From the entries below, return only the lines starting at the one that contains "Üveg vágódeszka Akvarell levelek" and ending at the one that contains "ALLIVE Family Passport", exactly as they stand.

** RECORDED DATA follows **

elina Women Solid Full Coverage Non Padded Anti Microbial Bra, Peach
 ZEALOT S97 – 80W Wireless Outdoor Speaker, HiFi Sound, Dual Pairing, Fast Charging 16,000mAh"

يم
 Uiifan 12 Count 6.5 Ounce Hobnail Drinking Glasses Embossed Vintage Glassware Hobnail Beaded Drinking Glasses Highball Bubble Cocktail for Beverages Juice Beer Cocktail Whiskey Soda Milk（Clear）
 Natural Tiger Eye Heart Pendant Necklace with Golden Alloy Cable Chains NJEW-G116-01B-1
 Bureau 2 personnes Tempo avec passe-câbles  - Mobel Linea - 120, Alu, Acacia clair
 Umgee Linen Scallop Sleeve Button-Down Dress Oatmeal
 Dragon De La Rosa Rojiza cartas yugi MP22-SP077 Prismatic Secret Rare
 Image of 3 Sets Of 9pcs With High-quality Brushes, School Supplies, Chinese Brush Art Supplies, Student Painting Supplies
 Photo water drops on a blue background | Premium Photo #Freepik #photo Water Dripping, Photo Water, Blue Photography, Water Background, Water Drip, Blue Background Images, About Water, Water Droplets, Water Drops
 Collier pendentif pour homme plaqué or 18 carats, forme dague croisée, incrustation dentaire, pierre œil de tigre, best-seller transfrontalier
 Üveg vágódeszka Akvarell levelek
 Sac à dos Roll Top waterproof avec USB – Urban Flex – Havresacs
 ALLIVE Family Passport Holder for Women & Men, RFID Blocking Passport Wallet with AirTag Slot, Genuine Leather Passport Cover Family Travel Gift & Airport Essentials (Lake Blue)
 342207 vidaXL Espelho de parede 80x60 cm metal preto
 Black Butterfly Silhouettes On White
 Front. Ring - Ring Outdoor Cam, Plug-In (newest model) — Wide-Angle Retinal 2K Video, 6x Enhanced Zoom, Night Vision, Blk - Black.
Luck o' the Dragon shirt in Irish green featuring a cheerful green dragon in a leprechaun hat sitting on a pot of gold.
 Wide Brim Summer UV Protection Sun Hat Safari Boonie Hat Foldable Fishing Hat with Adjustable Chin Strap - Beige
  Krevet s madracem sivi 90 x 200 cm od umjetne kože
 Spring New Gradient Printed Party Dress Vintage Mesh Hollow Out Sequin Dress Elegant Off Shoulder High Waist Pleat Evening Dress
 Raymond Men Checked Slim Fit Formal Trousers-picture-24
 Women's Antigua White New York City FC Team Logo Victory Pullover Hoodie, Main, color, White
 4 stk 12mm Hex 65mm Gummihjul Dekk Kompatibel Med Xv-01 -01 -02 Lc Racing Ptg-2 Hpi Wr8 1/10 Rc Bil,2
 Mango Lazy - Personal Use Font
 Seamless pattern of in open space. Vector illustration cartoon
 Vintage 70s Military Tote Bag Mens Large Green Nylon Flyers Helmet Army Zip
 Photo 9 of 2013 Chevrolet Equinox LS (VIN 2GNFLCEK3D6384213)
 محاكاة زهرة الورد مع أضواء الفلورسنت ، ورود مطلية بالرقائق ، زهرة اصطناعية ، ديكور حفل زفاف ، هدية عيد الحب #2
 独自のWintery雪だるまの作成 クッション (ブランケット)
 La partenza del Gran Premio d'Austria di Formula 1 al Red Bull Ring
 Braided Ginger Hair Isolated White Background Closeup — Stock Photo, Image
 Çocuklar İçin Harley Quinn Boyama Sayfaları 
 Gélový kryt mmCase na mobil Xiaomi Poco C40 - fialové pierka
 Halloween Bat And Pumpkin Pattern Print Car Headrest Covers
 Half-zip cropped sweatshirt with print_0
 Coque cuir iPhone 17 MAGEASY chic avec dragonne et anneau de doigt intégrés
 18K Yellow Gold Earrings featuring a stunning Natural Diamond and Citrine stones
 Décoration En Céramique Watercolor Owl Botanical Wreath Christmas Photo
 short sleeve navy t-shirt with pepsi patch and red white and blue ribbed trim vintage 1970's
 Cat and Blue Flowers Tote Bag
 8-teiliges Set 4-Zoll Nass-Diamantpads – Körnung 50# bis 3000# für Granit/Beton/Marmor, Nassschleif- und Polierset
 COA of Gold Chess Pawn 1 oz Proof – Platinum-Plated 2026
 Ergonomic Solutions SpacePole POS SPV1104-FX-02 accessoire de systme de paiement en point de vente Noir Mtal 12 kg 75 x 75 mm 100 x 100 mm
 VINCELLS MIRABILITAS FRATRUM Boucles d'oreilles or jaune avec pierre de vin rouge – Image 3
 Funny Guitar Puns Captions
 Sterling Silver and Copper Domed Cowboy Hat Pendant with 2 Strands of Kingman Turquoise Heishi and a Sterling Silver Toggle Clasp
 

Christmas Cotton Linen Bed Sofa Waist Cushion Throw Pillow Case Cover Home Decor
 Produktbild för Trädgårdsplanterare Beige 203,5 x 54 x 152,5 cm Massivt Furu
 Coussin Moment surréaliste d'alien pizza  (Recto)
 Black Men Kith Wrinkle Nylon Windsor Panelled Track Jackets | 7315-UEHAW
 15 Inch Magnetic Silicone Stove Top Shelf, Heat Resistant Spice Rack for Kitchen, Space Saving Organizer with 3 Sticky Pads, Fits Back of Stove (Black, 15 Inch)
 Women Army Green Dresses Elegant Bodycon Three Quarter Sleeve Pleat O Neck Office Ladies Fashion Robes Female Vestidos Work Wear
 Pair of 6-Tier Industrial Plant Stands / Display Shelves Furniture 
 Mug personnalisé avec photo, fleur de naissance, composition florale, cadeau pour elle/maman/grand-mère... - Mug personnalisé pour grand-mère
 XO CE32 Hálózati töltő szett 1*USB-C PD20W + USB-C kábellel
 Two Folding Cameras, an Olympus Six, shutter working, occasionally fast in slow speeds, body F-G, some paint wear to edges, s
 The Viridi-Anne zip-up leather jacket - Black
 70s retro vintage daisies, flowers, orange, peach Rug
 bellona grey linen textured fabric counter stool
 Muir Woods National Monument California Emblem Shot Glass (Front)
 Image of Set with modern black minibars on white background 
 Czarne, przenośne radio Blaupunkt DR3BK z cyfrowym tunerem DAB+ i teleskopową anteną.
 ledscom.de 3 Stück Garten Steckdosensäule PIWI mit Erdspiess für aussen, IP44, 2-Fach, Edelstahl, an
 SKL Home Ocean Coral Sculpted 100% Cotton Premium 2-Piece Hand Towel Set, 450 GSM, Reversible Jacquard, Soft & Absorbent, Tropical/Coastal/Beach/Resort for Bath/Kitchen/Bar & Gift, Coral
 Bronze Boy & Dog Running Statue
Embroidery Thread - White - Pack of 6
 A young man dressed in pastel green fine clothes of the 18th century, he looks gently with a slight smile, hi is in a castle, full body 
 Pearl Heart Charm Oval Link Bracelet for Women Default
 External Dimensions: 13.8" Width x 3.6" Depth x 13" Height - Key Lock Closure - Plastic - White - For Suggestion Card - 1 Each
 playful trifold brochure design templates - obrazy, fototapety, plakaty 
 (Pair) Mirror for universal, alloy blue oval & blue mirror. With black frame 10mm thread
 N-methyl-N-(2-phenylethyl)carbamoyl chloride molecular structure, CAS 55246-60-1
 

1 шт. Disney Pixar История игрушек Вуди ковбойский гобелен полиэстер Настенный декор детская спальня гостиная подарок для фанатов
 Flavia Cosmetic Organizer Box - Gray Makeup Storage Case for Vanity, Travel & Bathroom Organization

** End of RECORDED DATA **

*ANSWER BOX*:
 Üveg vágódeszka Akvarell levelek
 Sac à dos Roll Top waterproof avec USB – Urban Flex – Havresacs
 ALLIVE Family Passport Holder for Women & Men, RFID Blocking Passport Wallet with AirTag Slot, Genuine Leather Passport Cover Family Travel Gift & Airport Essentials (Lake Blue)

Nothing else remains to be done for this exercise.